1 Introduction

Heterogeneous multi-core systems present new challenges by introducing integrated graphics processing units (GPUs) on the same die with CPU cores. In order to reduce the data transfer between memory and video memory and improve the efficiency of the system, researchers proposed the shared last-level cache (LLC) architecture, which is designed to store shared data between the CPU and GPU in the LLC to speed up program execution and reduce memory read and write times.
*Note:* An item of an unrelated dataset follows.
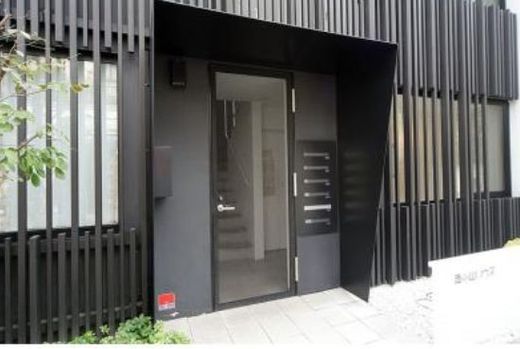 ATKレジデンス西小山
However, CPU and GPU core heterogeneity have also caused competition for LLC space [1]. GPU applications can achieve more data access rates than CPU applications, so most of the available shared cache space will be occupied by GPU applications, leaving only a small amount of space for the CPU application. Compared to the CPU, the number of GPU threads is larger. When a long delay event is encountered, it is possible to switch from one thread to another, and then switch back to the previous thread to continue execution if there is sufficient data level parallelism, which can ignore the memory delay. Therefore, the size of the cache has less impact on the GPU application, and the CPU application is more sensitive than the GPU application on the cache size. From this point of view, CPU applications theoretically require more buffer space than GPU applications and actually get less cache space. Effective management of LLCs and improvement in LLC cache utilization have important implications for optimizing the overall performance of the system.

We propose a miss-aware LLC buffer management strategy based on heterogeneous multi-core. First, we create a buffer with the same structure and location adjacent to the LLC. By analyzing the cache sensitivity of the application, cache-insensitive GPU messages directly access the buffer without accessing the LLC, thereby filtering the GPU requests and freeing up the LLC space for CPU applications. In addition, we have improved LRU replacement strategy and proposed a LFRU (least frequently recently used) replacement strategy, adding a comparison of the frequency of data blocks accessed. According to the level of the buffer missing rate in the interval, we dynamically choose whether to use LRU or LFRU to improve system performance.

2 Related work

The traditional cache replacement strategies include random replacement strategy, FIFO, MRU, LFU, and LRU. The current cache management strategies are mainly divided into two categories, cache partitioning and cache replacement algorithms.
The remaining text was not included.